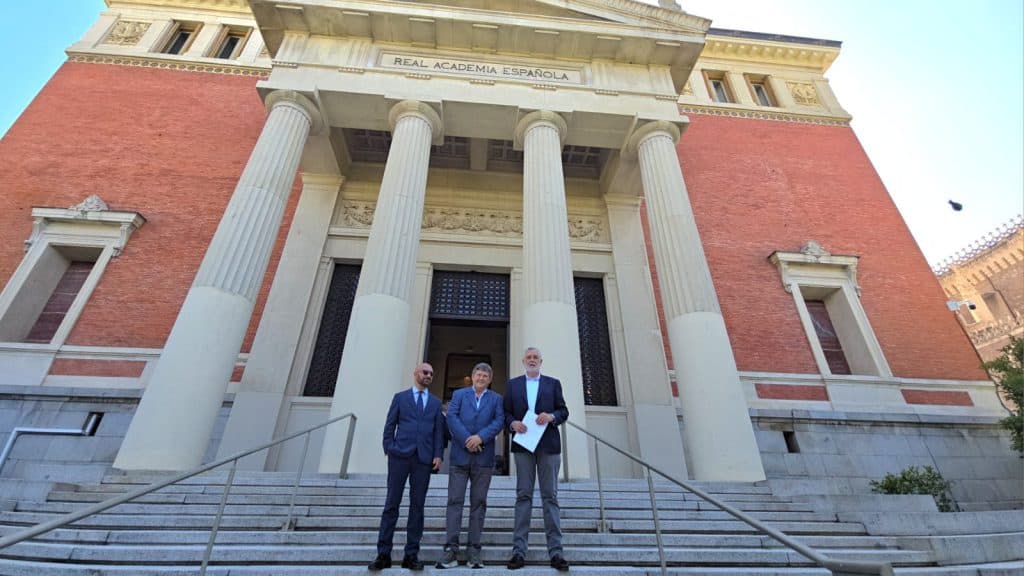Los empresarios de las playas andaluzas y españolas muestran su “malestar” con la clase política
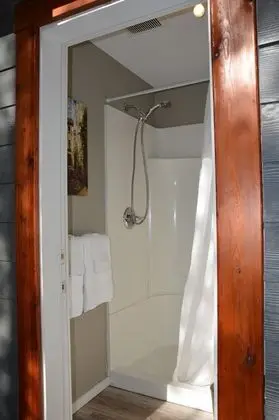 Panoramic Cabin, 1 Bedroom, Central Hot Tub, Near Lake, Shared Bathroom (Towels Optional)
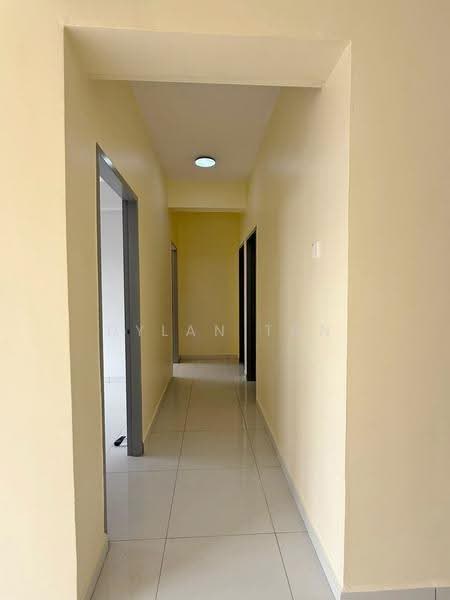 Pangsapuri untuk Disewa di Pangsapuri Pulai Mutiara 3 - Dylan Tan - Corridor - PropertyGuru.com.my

####

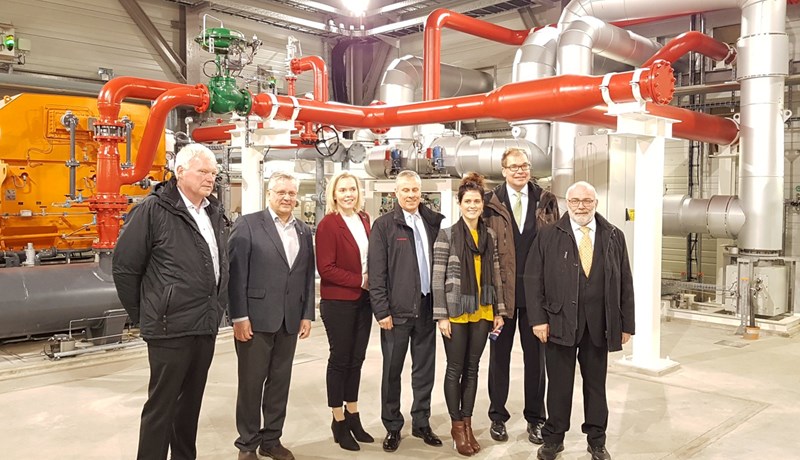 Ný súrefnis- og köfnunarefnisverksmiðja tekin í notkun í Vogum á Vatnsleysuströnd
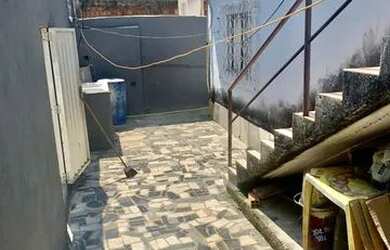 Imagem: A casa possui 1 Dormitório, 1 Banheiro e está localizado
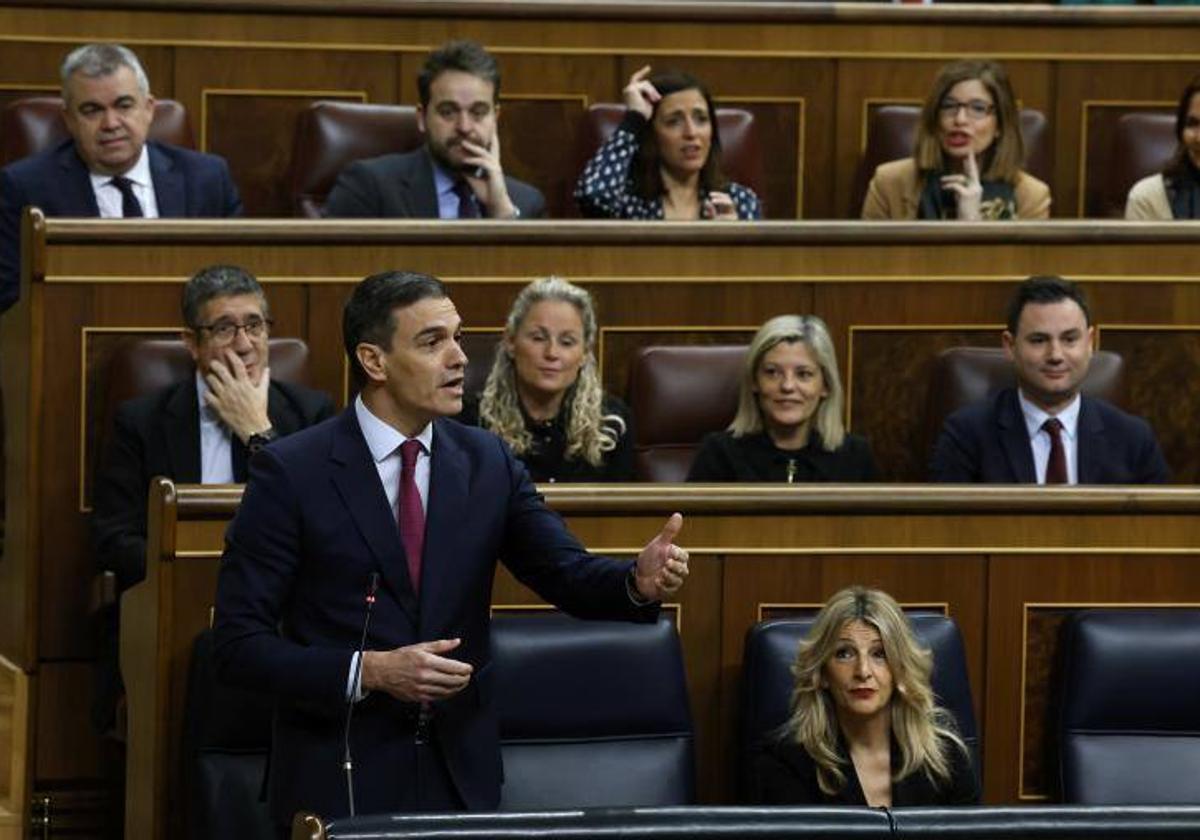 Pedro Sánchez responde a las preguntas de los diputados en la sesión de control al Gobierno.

####

## About this exercise
What you write out is the stretch of entries from the line containing "Los empresarios de" to the line containing "Pangsapuri untuk Disewa", word for word, with both end lines and no pictures.

## Output for this exercise
Los empresarios de las playas andaluzas y españolas muestran su “malestar” con la clase política
 Panoramic Cabin, 1 Bedroom, Central Hot Tub, Near Lake, Shared Bathroom (Towels Optional)
 Pangsapuri untuk Disewa di Pangsapuri Pulai Mutiara 3 - Dylan Tan - Corridor - PropertyGuru.com.my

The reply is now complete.